Kissinger, em sua monumental obra Diplomacia, descreve com precisão: as potências ocidentais (Inglaterra e França antes da guerra, EUA depois da guerra) queriam a paz a qualquer custo. Desconsideravam os objetivos do seu interlocutor. Ou melhor, assumiam que o objetivo era o mesmo. E, com isso, fizeram concessões e mais concessões, até que ficou claro que Hitler não iria parar até conquistar a Europa e Stálin tivesse instalado governos-títeres em todos os países da Cortina de Ferro. Mas aí, já era tarde demais.

Enquanto as forças que jogam o jogo democrático continuarem achando que o PT joga o mesmo jogo, continuarão a ceder terreno, até ser tarde demais. Aí, só restará a luta com “sangue, suor e lágrimas”, como disse Churchill, um dos poucos que entenderam a real natureza dos seus oponentes. Sangue, suor e lágrimas que nossos vizinhos venezuelanos estão vertendo nesse momento.

Parafraseando Churchill, entre o descumprimento da lei e a guerra, eles escolheram o descumprimento da lei, e terão a guerra.

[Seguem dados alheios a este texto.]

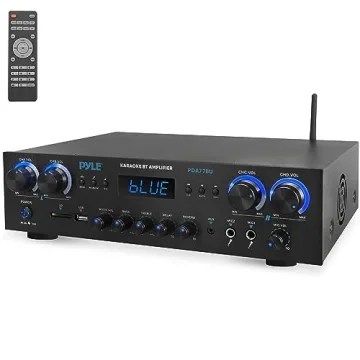 Pyle 800W Bluetooth Home Audio Theater Amplifier Receiver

Ouvindo a voz do povo popular

Sérgio Cabral saiu algemado e acorrentado do presídio.

Os intelectuais ficaram chocados.

Os advogados de defesa ficaram indignados.

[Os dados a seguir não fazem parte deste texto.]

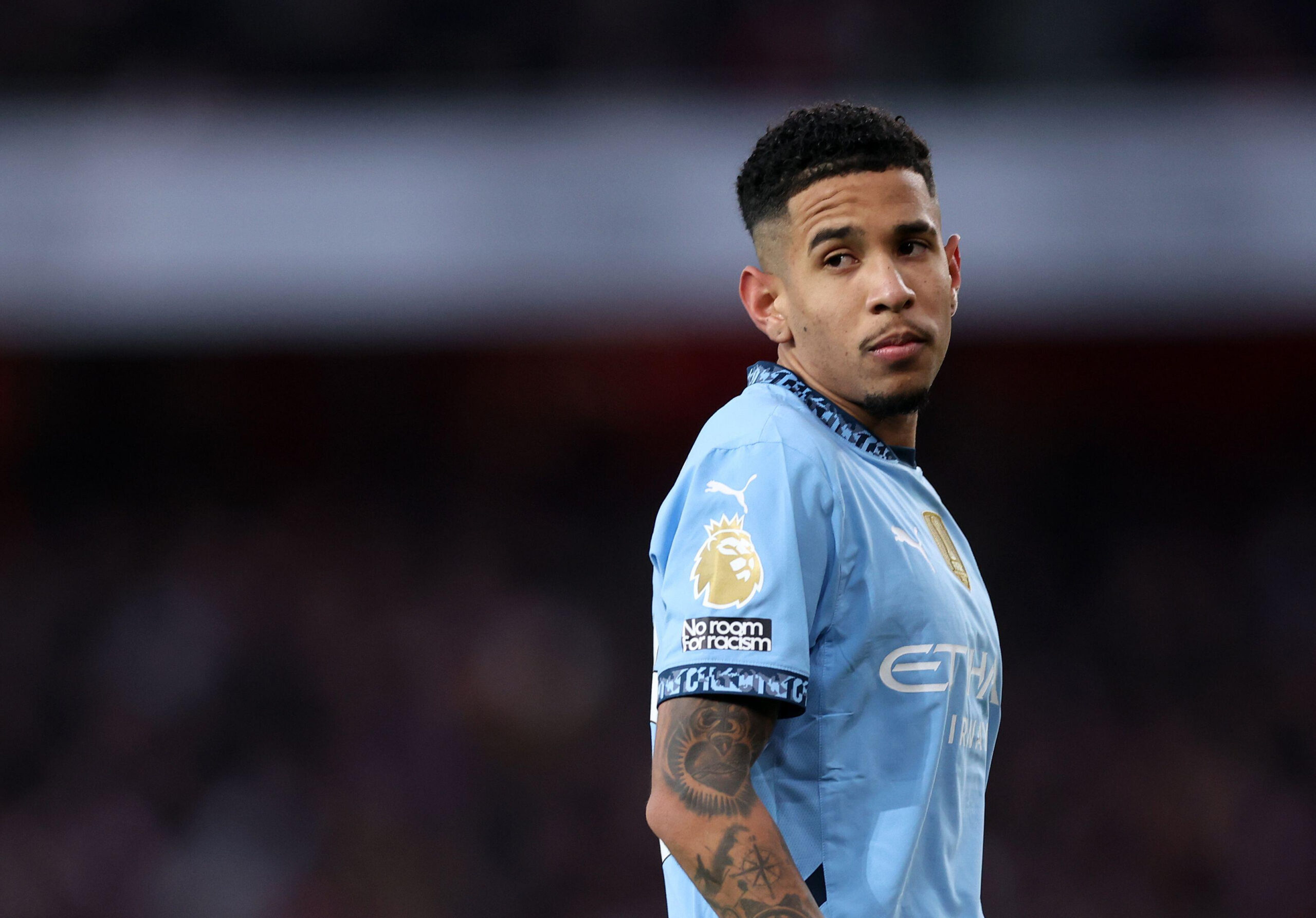 London, UK. 2nd Feb, 2025. Savinho of Manchester City during the Premier League match at the Emirates Stadium, London. Picture credit should read: David Klein/Sportimage Credit: Sportimage Ltd/Alamy Live News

Os analistas disseram que poderia enfraquecer a operação lava-jato.

O pessoal da barbearia onde corto o cabelo (R$30 o corte, que já acho caro pela quantidade de trabalho no caso) achou foi é pouco.

Ontem assisti The Darkest Hour, filme que conta os bastidores da decisão da Inglaterra de resistir ao ataque nazi, ao invés de tentar chegar a um acordo de paz.

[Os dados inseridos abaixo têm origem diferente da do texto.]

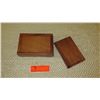 Image 8 : Qty 2 Rectangular Curly Koa Wood Boxes w/ Lids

A situação estava realmente perdida. Todo o exército inglês estava cercado em Dunquerque e a única alternativa parecia ser a capitulação. Churchill acabava de assumir o governo por pressão dos trabalhistas, que exigiram seu nome para apoiar uma coalizão com os conservadores. No entanto, Chamberlain (o primeiro-ministro que deu lugar a Churchill), Halifax (ministro do exterior, preferido pelo rei para ser o primeiro-ministro) e o próprio rei preferiam uma saída negociada, que preservasse a paz. Como se isso fosse possível tendo Hitler do outro lado.

Churchill estava encurralado, sem apoio de seu partido e com a situação militar perdida. Resolveu então ouvir o povo (aqui é meio que um spoiler, mas que não tira a emoção da cena): toma o metrô e conversa com os passageiros, que são unânimes em dizer que a Inglaterra deve resistir.

O povo popular, aquele que anda de trem e ônibus e sustenta essa cambada com os seus impostos, está cansado de quem defende ladrão. O político que souber ouvir a sua voz ganhará as eleições.